In the current study, 15-km cycling TT performance was improved by ~ 4.6% following MC relative to PL. MC supplementation has been shown to decrease markers of inflammation and oxidative stress (Bell et al. 2014), as well as enhance recovery from muscle damage (Bowtell et al. 2011; Howatson et al. 2010). The magnitude of improvement in TT performance in our study is larger than that proposed as the “smallest worthwhile change” for road TT cycling (Paton and Hopkins 2006) and are similar to acute nitrate supplementation of similar TT duration (Lansley et al. 2011). However, it is pertinent to note that whilst the magnitude of improvement in mean group TT performance was larger than that proposed as the smallest worthwhile change, only 6 of 8 subjects experienced improvements in TT performance that exceeded the smallest worthwhile change. Thus, whilst all 8 subjects experienced an ‘improvement’ in TT performance, the ‘differences’ observed within 2 participants were within the day-to-day variability of the measurement. As a consequence, we only observed a medium effect size of supplementation on TT performance (d = 0.78).
However, our findings support recent observations on the potential of MC supplementation to improve exercise performance (Keane et al. 2018; Levers et al. 2016). Specifically, Keane et al. (2018) found a single acute dose of Montmorency cherry concentrate (60 ml, providing 73 mg cyanidin-3-glucoside per L) to increase peak power by 9.5% in trained endurance cyclists. Whereas, Levers et al. (2016), demonstrated a freeze-dried Montmorency cherry supplement (480 mg daily, ~ 990 mg polyphenols including ~ 66 mg anthocyanins, 7 days before, the day of, and 2 days after completing a half-marathon) to attenuate post-run markers of muscle catabolism and physiological stress (dampening of the inflammatory response and better maintenance of redox balance) in trained individuals. However, it should be noted that this study randomised participants into independent groups matched for reported race pace and thus did not perform a crossover design. In addition, a ‘non-significant trend’ (P = 0.09) was observed for an improvement in running performance (~ 13%) when compared to predicted race pace. In addition, many studies, including Keane et al. (2018), ask participants to adhere to a restricted diet in the days preceding the trials, highlighting the need for further work in investigating the potential synergetic effects of MC supplementation within habitual dietary practices. This is particularly important for athletes who typically have a diet high in polyphenols.

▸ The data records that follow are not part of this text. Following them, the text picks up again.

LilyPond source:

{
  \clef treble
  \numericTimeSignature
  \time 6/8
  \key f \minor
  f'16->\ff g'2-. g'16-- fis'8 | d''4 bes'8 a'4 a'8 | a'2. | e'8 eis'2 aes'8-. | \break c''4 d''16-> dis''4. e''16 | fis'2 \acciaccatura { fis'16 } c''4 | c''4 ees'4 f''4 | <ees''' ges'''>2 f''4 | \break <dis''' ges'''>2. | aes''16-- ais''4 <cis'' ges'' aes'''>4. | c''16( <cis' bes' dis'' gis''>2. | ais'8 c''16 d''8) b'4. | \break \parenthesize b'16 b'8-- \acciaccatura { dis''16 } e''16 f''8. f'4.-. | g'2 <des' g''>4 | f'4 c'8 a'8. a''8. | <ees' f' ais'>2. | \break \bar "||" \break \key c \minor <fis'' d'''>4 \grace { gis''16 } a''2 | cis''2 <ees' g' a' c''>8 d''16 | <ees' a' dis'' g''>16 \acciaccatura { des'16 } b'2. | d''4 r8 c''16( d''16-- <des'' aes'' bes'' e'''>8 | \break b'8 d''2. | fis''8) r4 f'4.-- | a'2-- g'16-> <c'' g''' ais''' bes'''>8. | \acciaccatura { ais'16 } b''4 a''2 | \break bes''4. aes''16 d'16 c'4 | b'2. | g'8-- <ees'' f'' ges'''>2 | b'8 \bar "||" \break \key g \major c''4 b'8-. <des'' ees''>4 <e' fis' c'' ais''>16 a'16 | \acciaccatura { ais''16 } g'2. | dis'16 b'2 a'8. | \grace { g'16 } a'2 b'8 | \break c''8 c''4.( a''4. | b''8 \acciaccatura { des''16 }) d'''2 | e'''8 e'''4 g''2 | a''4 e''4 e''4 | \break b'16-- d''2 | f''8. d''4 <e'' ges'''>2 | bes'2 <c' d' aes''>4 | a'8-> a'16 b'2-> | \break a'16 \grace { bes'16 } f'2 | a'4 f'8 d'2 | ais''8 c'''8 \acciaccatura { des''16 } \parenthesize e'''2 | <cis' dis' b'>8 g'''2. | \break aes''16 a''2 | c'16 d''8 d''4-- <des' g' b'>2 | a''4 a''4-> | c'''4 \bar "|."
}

Our findings are in agreement with Cook et al. (2015) who reported enhanced 16.1-km cycling TT performance by ~ 2.4% following 7-day blackcurrant supplementation (providing 105 mg day−1 anthocyanins). A number of other studies have also observed enhanced exercise performance after acute polyphenol supplementation during, for example, treadmill running (ecklonia cava, Oh et al. 2010) and repeated all-out cycling (grape, pomegranate and green tea blend, Cases et al. 2017; pomegranate extract; Trexler et al. 2014). Chronic (7 day) blackcurrant polyphenol (105 mg anthocyanin, Cook et al. 2015; Perkins et al. 2015; Murphy et al. 2017) and 2-day epigallocatechin (EGCG, Richards et al. 2010) supplementation have also been shown to enhance exercise performance.
In contrast, a previous study has reported no improvement in 20-km TT performance in moderately trained individuals following MC supplementation despite a 3-day ingestion of dried Montmorency cherries which provided 216 mg of polyphenol of which the final dose was administered 2–3 h prior to the cycling trial (Clifford et al. 2013). In addition, not all studies have found ergogenic effects of polyphenol ingestion (Crum et al. 2017; Labonté et al. 2013). The absence of effect in these studies may relate to differences in dosing (i.e., 462 vs. 216 mg; 7 vs. 3 days, Clifford et al. 2013), training status (i.e., novice vs. athlete, Crum et al. 2017; Labonté et al. 2013), environmental conditions (i.e., high altitude, Crum et al. 2017), current antioxidant status (i.e., high vs. low, Green et al. 2004) as well as the timing of intake (i.e., 60 min vs. 2–3 h prior to exercise, Clifford et al. 2013) which may have marked effects on the ergogenic effects of polyphenol supplementation. The current investigation used MC powdered capsules in trained cyclists, using a TT scenario and a high polyphenol dose (462 mg polyphenols day−1) for 7 days, combined with a maintenance of habitual diet (i.e., with no polyphenol restrictions), thereby potentially explaining some of the differences observed between studies and maximising the ecological validity of our findings, respectively. In addition, the last supplement dose on day 7 was taken 60 min prior to exercise, since it has been observed that the endothelial-dependent vasodilatation response peaks approximately 60 min after ingestion of blueberry polyphenols (Rodriguez-Mateos et al. 2013). However, other studies have timed the polyphenol dose to coincide with peak plasma anthocyanin metabolite concentration which occurs 90–120 min following consumption (Keane et al. 2018).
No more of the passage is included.